• [Problem to solve]
Every record that follows must be given again exactly.

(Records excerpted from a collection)
============================================================

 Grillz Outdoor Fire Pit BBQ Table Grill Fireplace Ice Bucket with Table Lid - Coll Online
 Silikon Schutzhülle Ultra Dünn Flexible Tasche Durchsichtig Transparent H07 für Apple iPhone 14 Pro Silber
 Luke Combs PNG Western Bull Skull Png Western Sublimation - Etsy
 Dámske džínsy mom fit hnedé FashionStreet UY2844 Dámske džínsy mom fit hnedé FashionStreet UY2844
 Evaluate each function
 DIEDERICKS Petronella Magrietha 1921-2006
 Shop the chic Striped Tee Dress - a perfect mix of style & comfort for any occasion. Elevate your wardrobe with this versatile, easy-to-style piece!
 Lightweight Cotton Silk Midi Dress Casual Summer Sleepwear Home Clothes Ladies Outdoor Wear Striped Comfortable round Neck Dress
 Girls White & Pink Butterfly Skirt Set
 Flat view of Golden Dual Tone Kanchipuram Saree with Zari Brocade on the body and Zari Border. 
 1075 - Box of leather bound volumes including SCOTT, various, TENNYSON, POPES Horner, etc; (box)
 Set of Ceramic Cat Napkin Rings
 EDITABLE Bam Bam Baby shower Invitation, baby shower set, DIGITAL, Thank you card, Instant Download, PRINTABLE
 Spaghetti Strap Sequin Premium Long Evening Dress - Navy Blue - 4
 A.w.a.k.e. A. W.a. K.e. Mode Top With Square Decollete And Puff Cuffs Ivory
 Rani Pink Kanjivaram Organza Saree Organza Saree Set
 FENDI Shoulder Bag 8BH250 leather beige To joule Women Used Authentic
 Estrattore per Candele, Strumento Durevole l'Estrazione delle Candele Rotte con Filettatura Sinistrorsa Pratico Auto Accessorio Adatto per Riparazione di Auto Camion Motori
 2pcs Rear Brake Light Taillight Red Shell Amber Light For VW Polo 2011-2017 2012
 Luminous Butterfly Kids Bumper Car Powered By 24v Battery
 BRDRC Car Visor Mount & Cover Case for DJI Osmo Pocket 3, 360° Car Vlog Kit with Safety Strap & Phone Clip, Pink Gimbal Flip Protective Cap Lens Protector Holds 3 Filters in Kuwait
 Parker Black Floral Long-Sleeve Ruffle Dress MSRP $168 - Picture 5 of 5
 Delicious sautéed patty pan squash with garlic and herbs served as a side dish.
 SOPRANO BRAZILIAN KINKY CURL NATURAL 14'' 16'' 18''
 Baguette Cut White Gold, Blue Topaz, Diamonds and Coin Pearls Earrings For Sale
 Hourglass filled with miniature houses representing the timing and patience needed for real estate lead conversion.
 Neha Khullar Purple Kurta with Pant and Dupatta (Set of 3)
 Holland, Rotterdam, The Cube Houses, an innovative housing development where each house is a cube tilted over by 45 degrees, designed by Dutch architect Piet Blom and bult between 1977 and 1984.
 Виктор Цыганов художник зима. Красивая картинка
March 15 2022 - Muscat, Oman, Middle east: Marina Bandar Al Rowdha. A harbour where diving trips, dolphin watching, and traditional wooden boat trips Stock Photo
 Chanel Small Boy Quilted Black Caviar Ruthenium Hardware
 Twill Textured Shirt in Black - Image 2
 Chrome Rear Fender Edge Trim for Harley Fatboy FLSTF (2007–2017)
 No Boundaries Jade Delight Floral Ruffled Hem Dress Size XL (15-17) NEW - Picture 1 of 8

============================================================

• [Solution to this problem]
 Grillz Outdoor Fire Pit BBQ Table Grill Fireplace Ice Bucket with Table Lid - Coll Online
 Silikon Schutzhülle Ultra Dünn Flexible Tasche Durchsichtig Transparent H07 für Apple iPhone 14 Pro Silber
 Luke Combs PNG Western Bull Skull Png Western Sublimation - Etsy
 Dámske džínsy mom fit hnedé FashionStreet UY2844 Dámske džínsy mom fit hnedé FashionStreet UY2844
 Evaluate each function
 DIEDERICKS Petronella Magrietha 1921-2006
 Shop the chic Striped Tee Dress - a perfect mix of style & comfort for any occasion. Elevate your wardrobe with this versatile, easy-to-style piece!
 Lightweight Cotton Silk Midi Dress Casual Summer Sleepwear Home Clothes Ladies Outdoor Wear Striped Comfortable round Neck Dress
 Girls White & Pink Butterfly Skirt Set
 Flat view of Golden Dual Tone Kanchipuram Saree with Zari Brocade on the body and Zari Border. 
 1075 - Box of leather bound volumes including SCOTT, various, TENNYSON, POPES Horner, etc; (box)
 Set of Ceramic Cat Napkin Rings
 EDITABLE Bam Bam Baby shower Invitation, baby shower set, DIGITAL, Thank you card, Instant Download, PRINTABLE
 Spaghetti Strap Sequin Premium Long Evening Dress - Navy Blue - 4
 A.w.a.k.e. A. W.a. K.e. Mode Top With Square Decollete And Puff Cuffs Ivory
 Rani Pink Kanjivaram Organza Saree Organza Saree Set
 FENDI Shoulder Bag 8BH250 leather beige To joule Women Used Authentic
 Estrattore per Candele, Strumento Durevole l'Estrazione delle Candele Rotte con Filettatura Sinistrorsa Pratico Auto Accessorio Adatto per Riparazione di Auto Camion Motori
 2pcs Rear Brake Light Taillight Red Shell Amber Light For VW Polo 2011-2017 2012
 Luminous Butterfly Kids Bumper Car Powered By 24v Battery
 BRDRC Car Visor Mount & Cover Case for DJI Osmo Pocket 3, 360° Car Vlog Kit with Safety Strap & Phone Clip, Pink Gimbal Flip Protective Cap Lens Protector Holds 3 Filters in Kuwait
 Parker Black Floral Long-Sleeve Ruffle Dress MSRP $168 - Picture 5 of 5
 Delicious sautéed patty pan squash with garlic and herbs served as a side dish.
 SOPRANO BRAZILIAN KINKY CURL NATURAL 14'' 16'' 18''
 Baguette Cut White Gold, Blue Topaz, Diamonds and Coin Pearls Earrings For Sale
 Hourglass filled with miniature houses representing the timing and patience needed for real estate lead conversion.
 Neha Khullar Purple Kurta with Pant and Dupatta (Set of 3)
 Holland, Rotterdam, The Cube Houses, an innovative housing development where each house is a cube tilted over by 45 degrees, designed by Dutch architect Piet Blom and bult between 1977 and 1984.
 Виктор Цыганов художник зима. Красивая картинка
March 15 2022 - Muscat, Oman, Middle east: Marina Bandar Al Rowdha. A harbour where diving trips, dolphin watching, and traditional wooden boat trips Stock Photo
 Chanel Small Boy Quilted Black Caviar Ruthenium Hardware
 Twill Textured Shirt in Black - Image 2
 Chrome Rear Fender Edge Trim for Harley Fatboy FLSTF (2007–2017)
 No Boundaries Jade Delight Floral Ruffled Hem Dress Size XL (15-17) NEW - Picture 1 of 8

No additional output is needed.